Introduction to Trial and Pre-trial Services
I assist attorneys defending persons accused of child abuse during the investigative, pre-trial, and trial stages of their proceedings. Assistance varies according to the needs of each client and attorney and is constructed on a case-by-case basis.
If you are accused of child abuse, I can help you mentally prepare for the ordeal you are about to experience. I have found that clients who know what to expect are less confused and nervous about what’s going on around them. This can be misunderstood by juries as looking guilty or appearing worried. I can also assist clients with understanding plea bargains that may be presented to them as well as evaluating the potential consequences of accepting or not accepting the deal.
I cannot promise anything except that I will give your case a fair and thorough evaluation. If I am hired as your consultant, I will devote the time necessary to make sure that every avenue of defense in your case is explored. After all, your success is my success.

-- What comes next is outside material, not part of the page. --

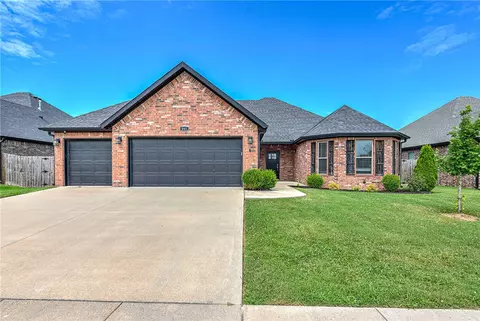 661 Bob Glen Cir, Centerton, AR 72719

Introduction to Appeals Services by Todd James
No one is guaranteed a “perfect trial”, only one that is “fundamentally fair”. Errors occur before, during and even after trial in every legal case. The fact that errors occurred or that your attorney did not do certain things will not necessarily reverse a conviction.

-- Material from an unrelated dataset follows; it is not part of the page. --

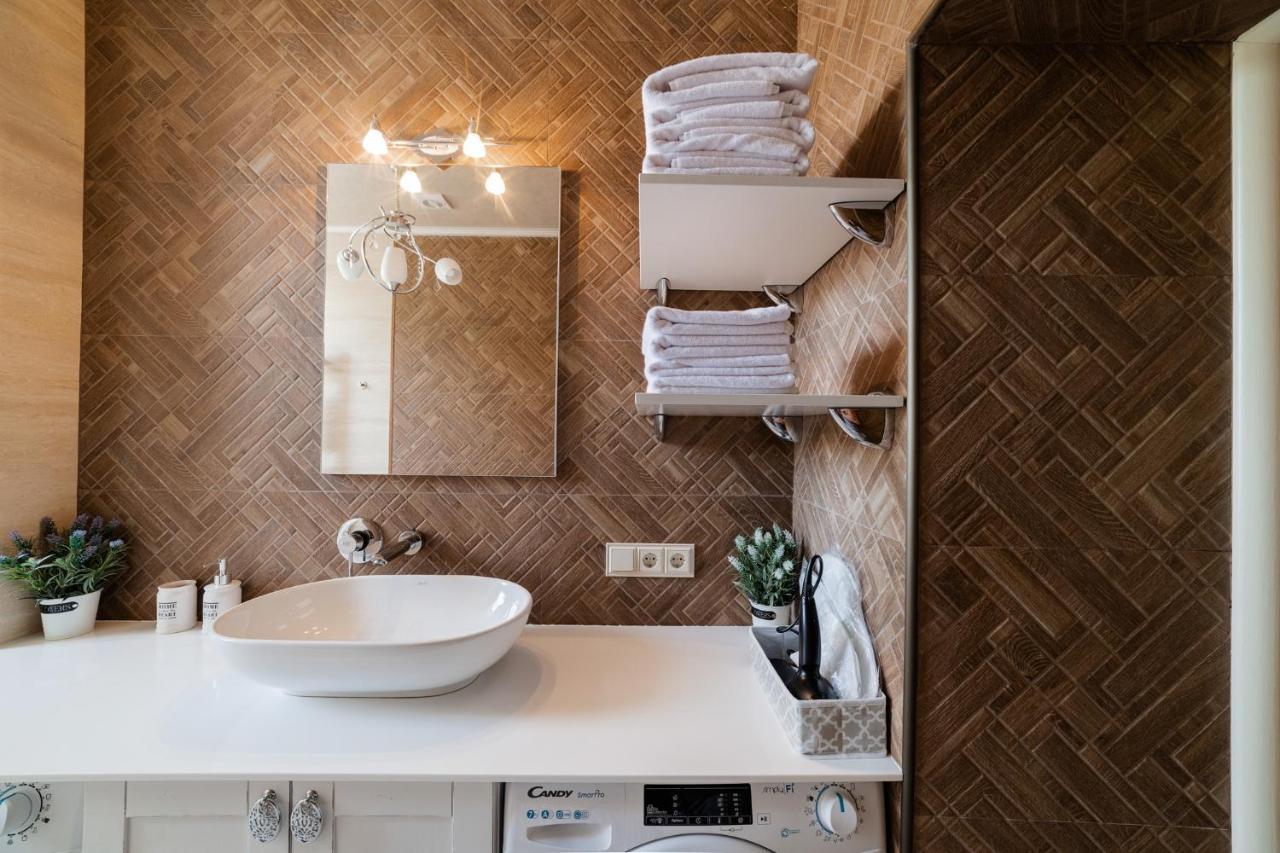 Lux Apartment On Duhnovicha Street .Free Parking. Użhorod Zewnętrze zdjęcie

Many times, the Appellate Courts will determine the errors were “harmless” or attorney action/non-action was “trial strategy” which will not be second-guessed by the Appellate Court. Only when errors or actions of the trial counsel were “prejudicial” to the Defendant to a degree that would undermine the verdict will the Appellate Court reverse a conviction. The critical thing is finding the proper issues/errors that could overturn a conviction and developing the issue(s) into a legal argument. That will show your trial was fundamentally unfair or that you were prejudiced by the error to such a degree that your conviction is not trustworthy.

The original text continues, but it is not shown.